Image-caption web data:
..............................

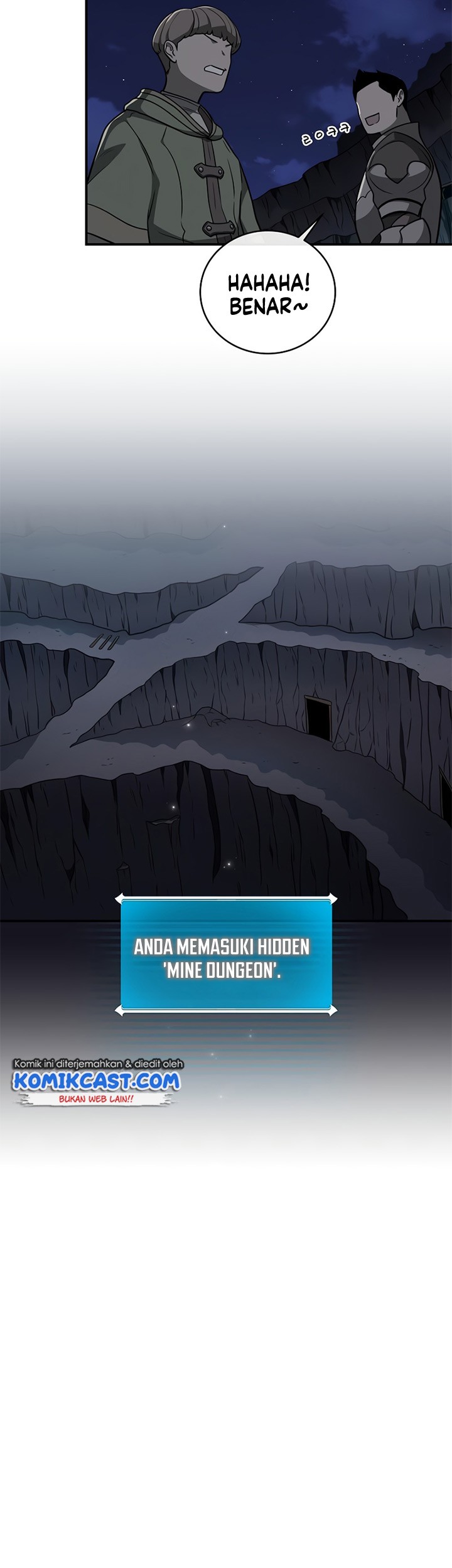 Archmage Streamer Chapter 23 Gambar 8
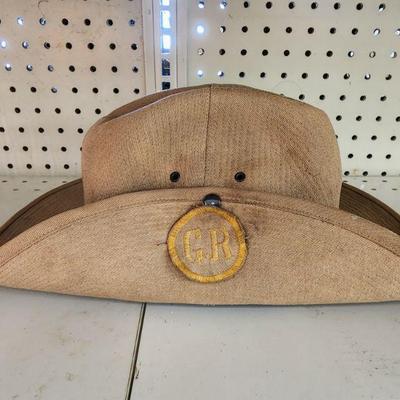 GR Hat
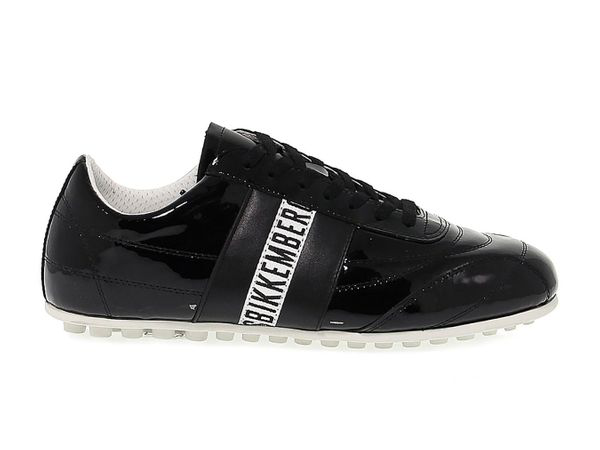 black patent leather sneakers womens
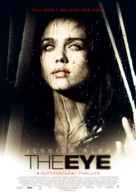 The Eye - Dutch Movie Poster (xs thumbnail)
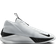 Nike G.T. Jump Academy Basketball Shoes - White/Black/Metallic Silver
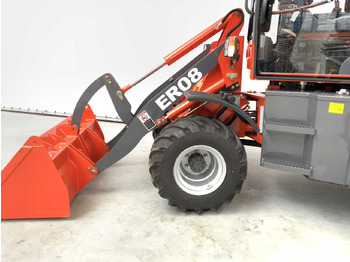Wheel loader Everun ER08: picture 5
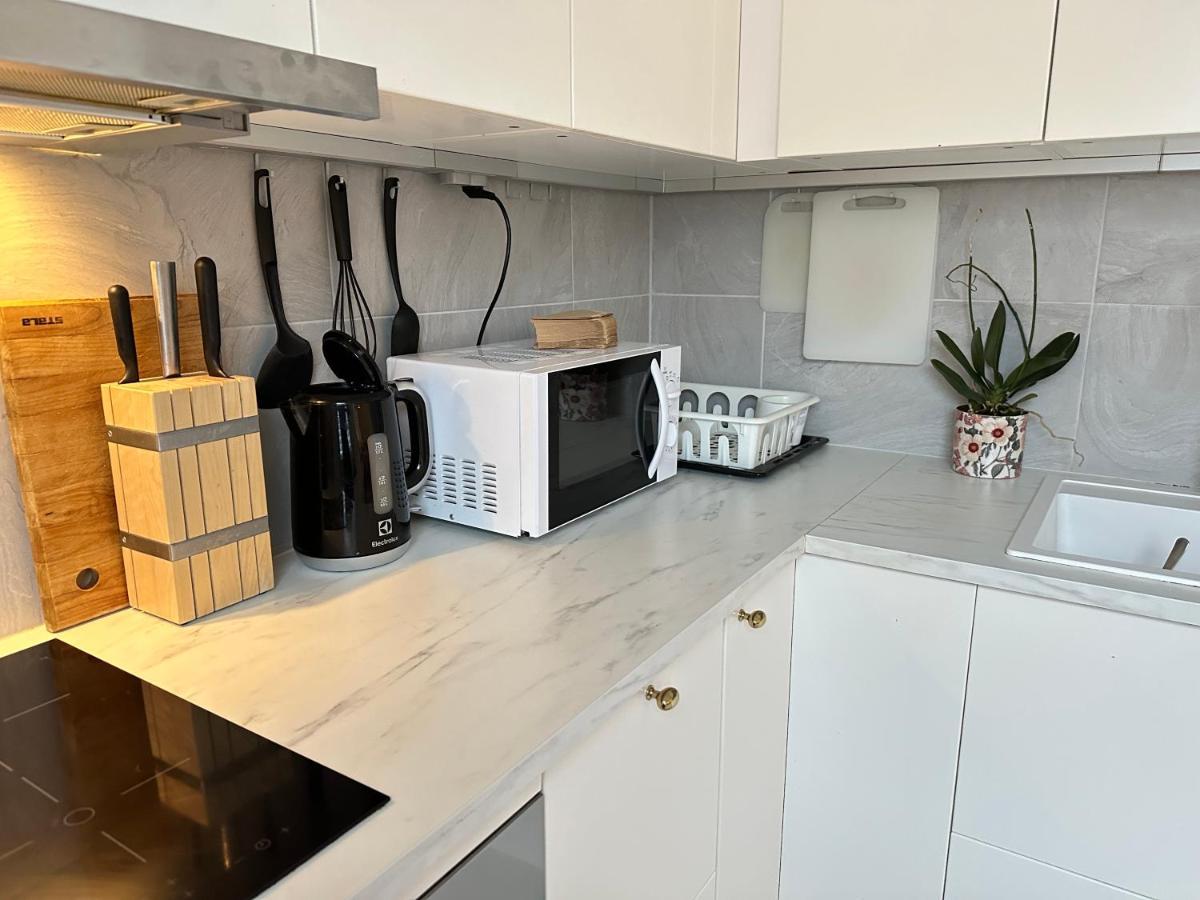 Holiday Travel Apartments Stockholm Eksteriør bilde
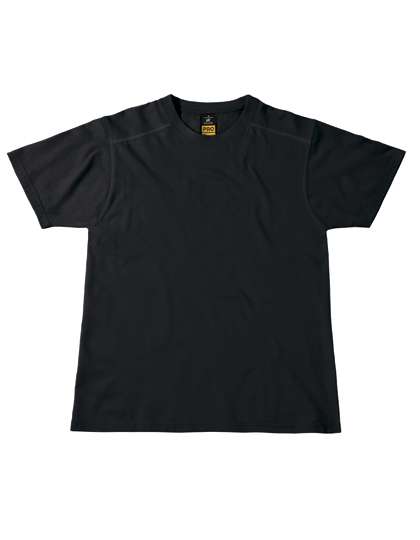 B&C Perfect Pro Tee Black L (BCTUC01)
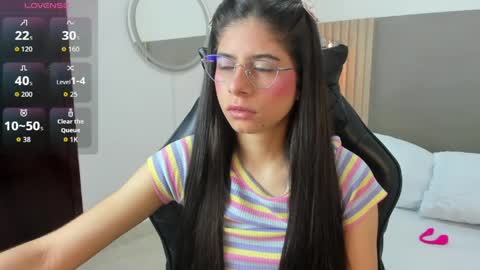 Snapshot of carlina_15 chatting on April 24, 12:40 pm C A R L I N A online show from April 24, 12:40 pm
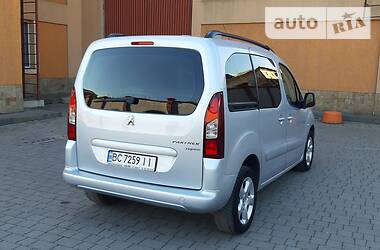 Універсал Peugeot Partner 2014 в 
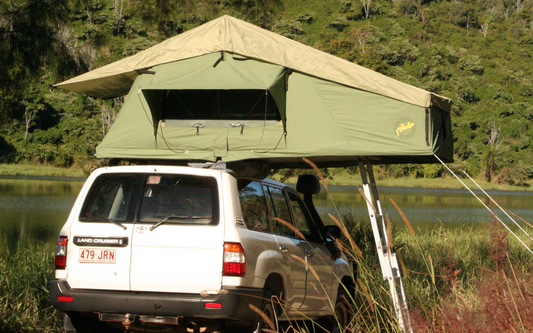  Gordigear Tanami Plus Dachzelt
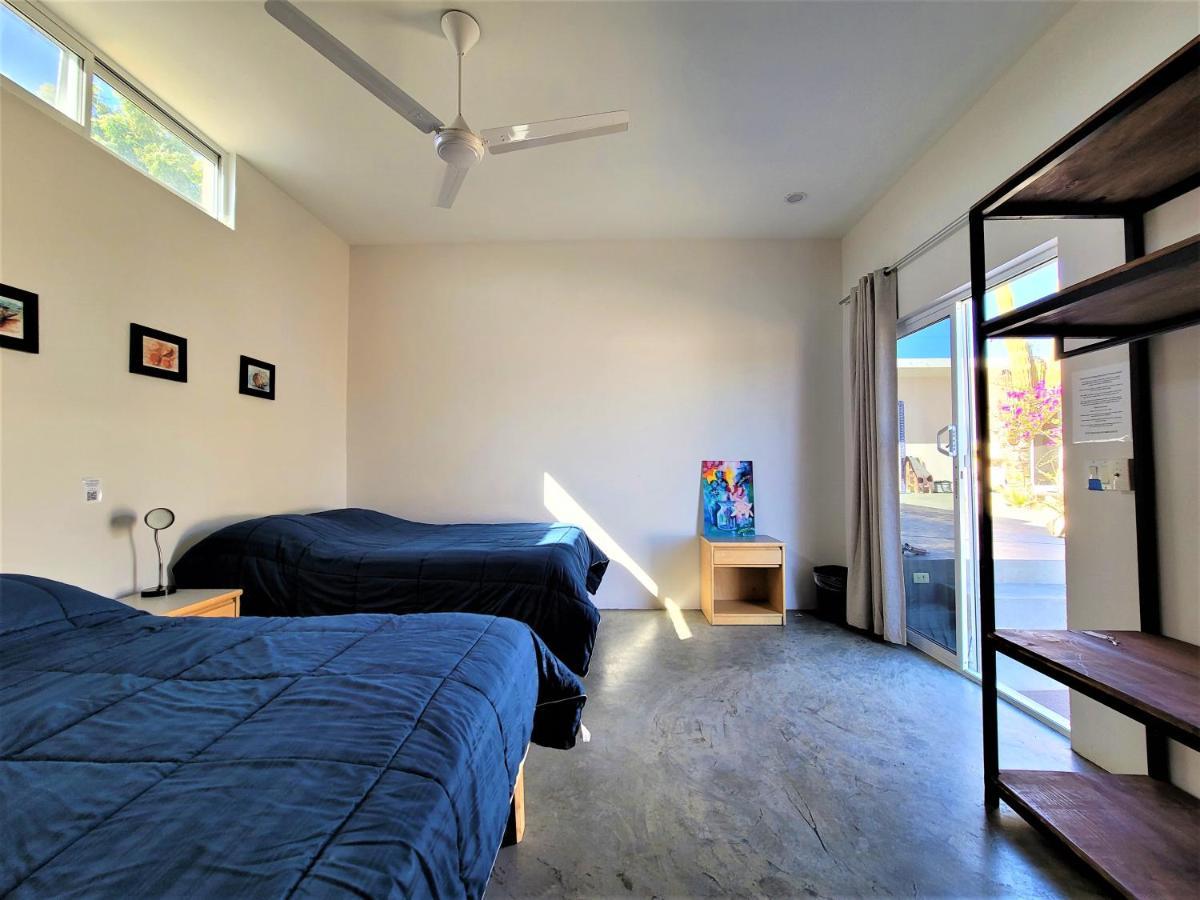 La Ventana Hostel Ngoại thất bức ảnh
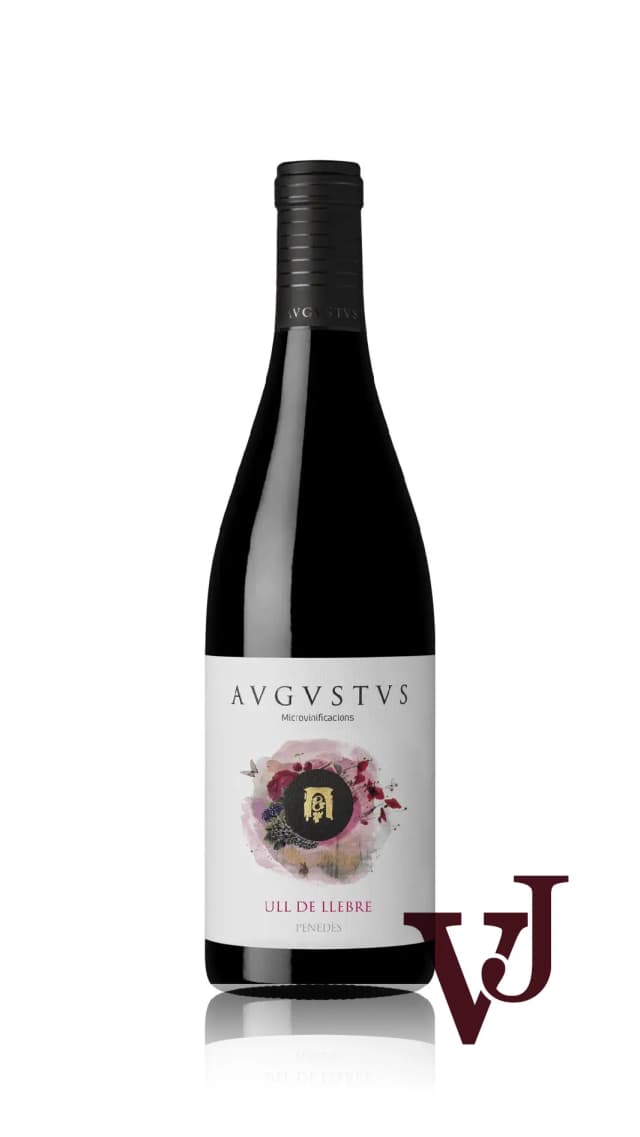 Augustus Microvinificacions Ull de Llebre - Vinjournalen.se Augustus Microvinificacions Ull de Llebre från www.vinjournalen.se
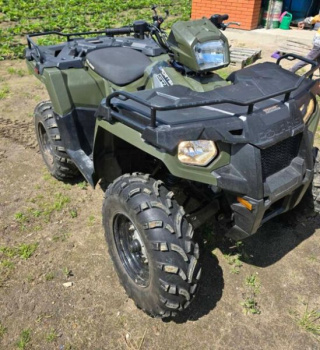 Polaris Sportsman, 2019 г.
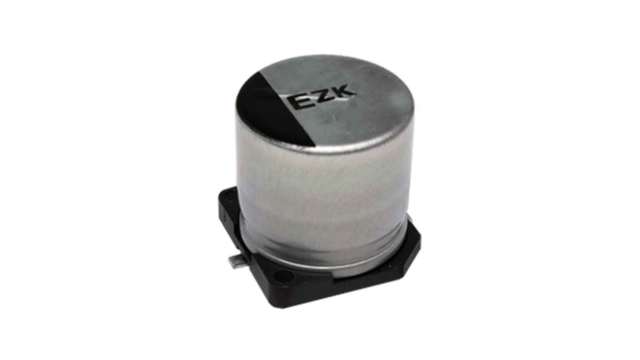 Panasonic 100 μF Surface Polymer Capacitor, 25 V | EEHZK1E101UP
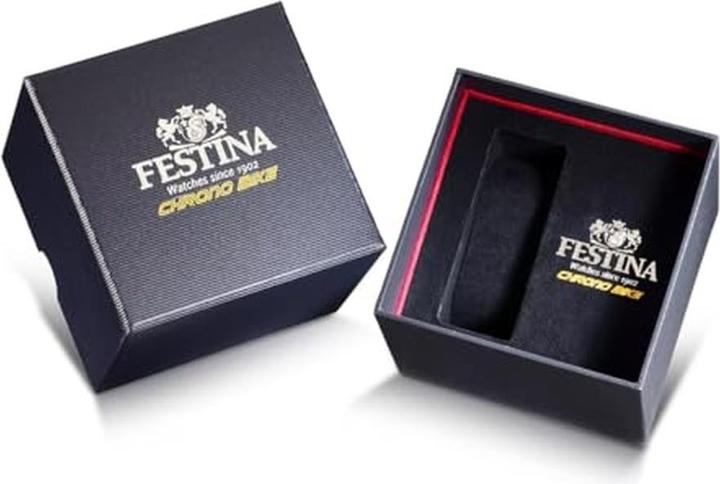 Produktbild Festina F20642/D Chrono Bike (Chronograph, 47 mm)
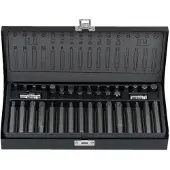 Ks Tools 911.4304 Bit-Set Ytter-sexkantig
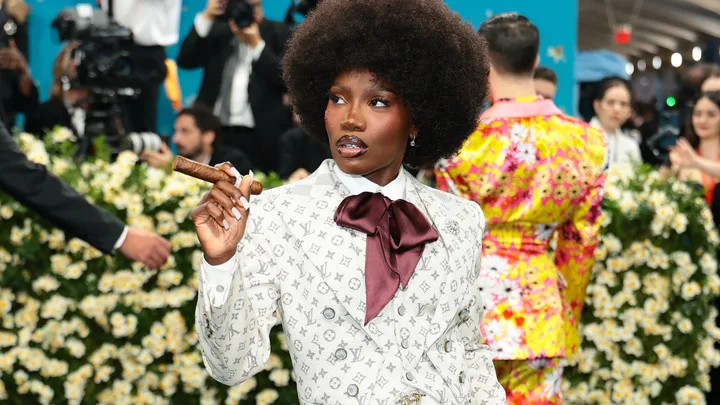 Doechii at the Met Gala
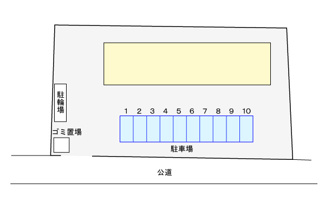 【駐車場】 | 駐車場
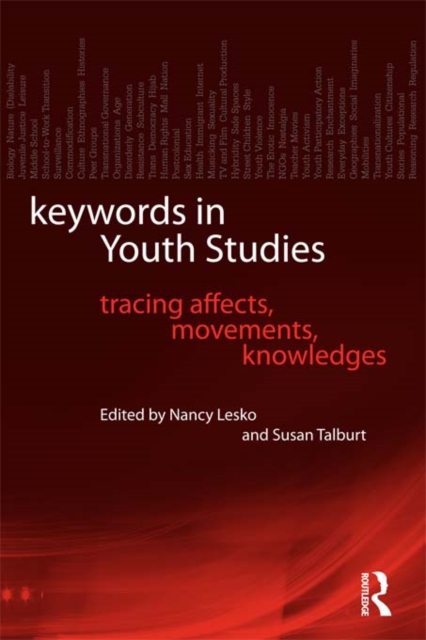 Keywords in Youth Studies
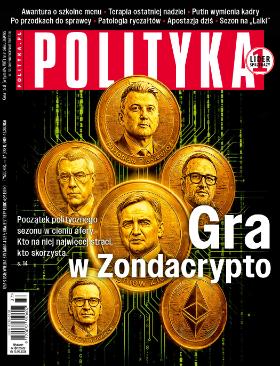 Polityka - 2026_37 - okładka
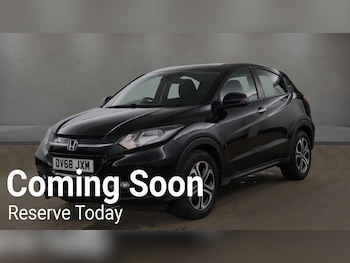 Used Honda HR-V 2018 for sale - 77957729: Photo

..............................

WORK REQUEST - All of the records need repeating exactly, except for the pictures.

RESPONSE -
 Archmage Streamer Chapter 23 Gambar 8
 GR Hat
 black patent leather sneakers womens
 The Eye - Dutch Movie Poster (xs thumbnail)
 Nike G.T. Jump Academy Basketball Shoes - White/Black/Metallic Silver
Wheel loader Everun ER08: picture 5
 Holiday Travel Apartments Stockholm Eksteriør bilde
 B&C Perfect Pro Tee Black L (BCTUC01)
 Snapshot of carlina_15 chatting on April 24, 12:40 pm C A R L I N A online show from April 24, 12:40 pm
 Універсал Peugeot Partner 2014 в 
  Gordigear Tanami Plus Dachzelt
 La Ventana Hostel Ngoại thất bức ảnh
 Augustus Microvinificacions Ull de Llebre - Vinjournalen.se Augustus Microvinificacions Ull de Llebre från www.vinjournalen.se
 Polaris Sportsman, 2019 г.
 Panasonic 100 μF Surface Polymer Capacitor, 25 V | EEHZK1E101UP
 Produktbild Festina F20642/D Chrono Bike (Chronograph, 47 mm)
 Ks Tools 911.4304 Bit-Set Ytter-sexkantig
 Doechii at the Met Gala
 【駐車場】 | 駐車場
 Keywords in Youth Studies
 Polityka - 2026_37 - okładka
 Used Honda HR-V 2018 for sale - 77957729: Photo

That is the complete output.